Dalle reminiscenze etnografiche a quelle pop, l’esposizione Total Records ripercorre l’avventura fotografica iscritta sulle pochette dei dischi. Oggetti scomparsi dal nostro quotidiano, le copertine dei dischi 33 e 45 giri sono state spesso firmate dai grandi nomi della fotografia al punto che oggi si potrebbe riscriverne la storia attraverso quella dei vinili, questa l’ambizione della vasta rassegna fotografica. Dalla classica Patti Smith immortalata da Robert Mapplethorpe (Usa, 1975), a Miles Davis ritratto dal maestro Irving Penn per l’album Tutu (Usa, 1986), alle serigrafie di Andy Warhol per The Rolling Stones (UK, 1977).
In un’intervista Jean-Baptiste Mondino racconta i retroscena per la copertina dell’album Lovesexy di Prince (Usa, 1988) e, attraverso uno sguardo nel suo passato personale, analizza il ruolo sociale che il vinile ha ricoperto per tutta una generazione di ragazzi che “si scambiavano i dischi per far circolare idee, inviare messaggi, fumare joints…”, uno strumento di comunicazione che potrebbe essere comparato alle odierne reti sociali. Ruolo sociale confermato dalle numerose immagini di copertina censurate (John Lennon & Yoko Ono, Unfinished Music No.1 , UK, 1968), utilizzate come veicolo di denuncia della segregazione razziale negli Stati-Uniti della prima metà del XX Secolo (Collectif, Missisipi Blues, 1927 – 1941); oppure apertamente connesse ad un movimento politico (I have a dream. The Rev.Dr.Martin Luther King, Jr 1929-1968).

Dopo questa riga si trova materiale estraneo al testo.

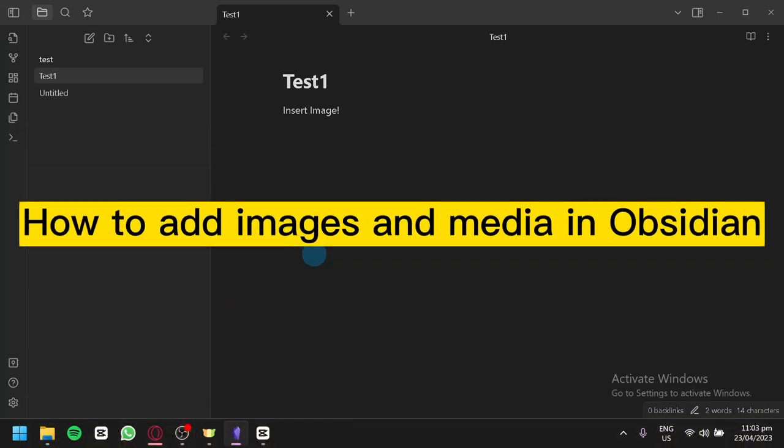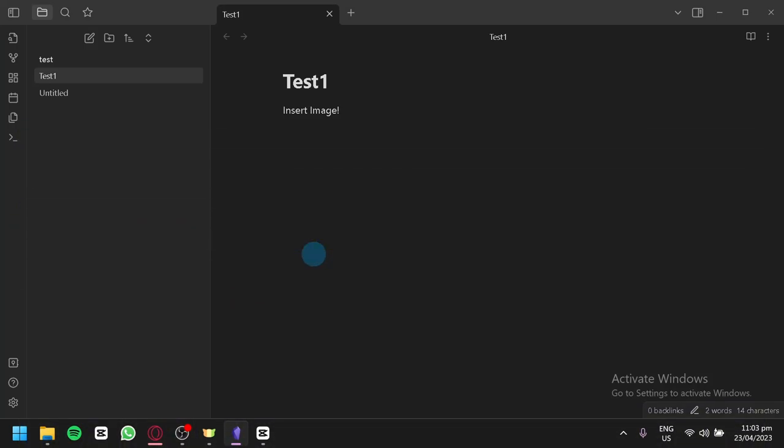How to add images and media in Obsidian. Hello guys and welcome to today's video. Today I'm going to talk about this application called Obsidian and how you can insert an image and media to your notes.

Un’ampia porzione della programmazione del festival è poi dedicata agli Stati Uniti: riletti attraverso l’opera dei pionieri della fotografia americana come Walker Evans (1903-1975) e Stephan Shore (1947), oppure attraverso gli occhi degli architetti Robert Venturi (1921) & Denise Scott (1931), le esposizioni esprimono la fascinazione per il paese dove insegne pubblicitarie e motel trasformano le strade in un susseguirsi di forme stravaganti, e celebrano con uno sguardo più o meno critico la società americana e i suoi valori.
Il festival Les Rencontres de la Photographie di Arles prosegue la sua programmazione con dibattiti, workshop, incontri, presentazioni, proiezioni e visite guidate alle mostre fino al prossimo 20 settembre.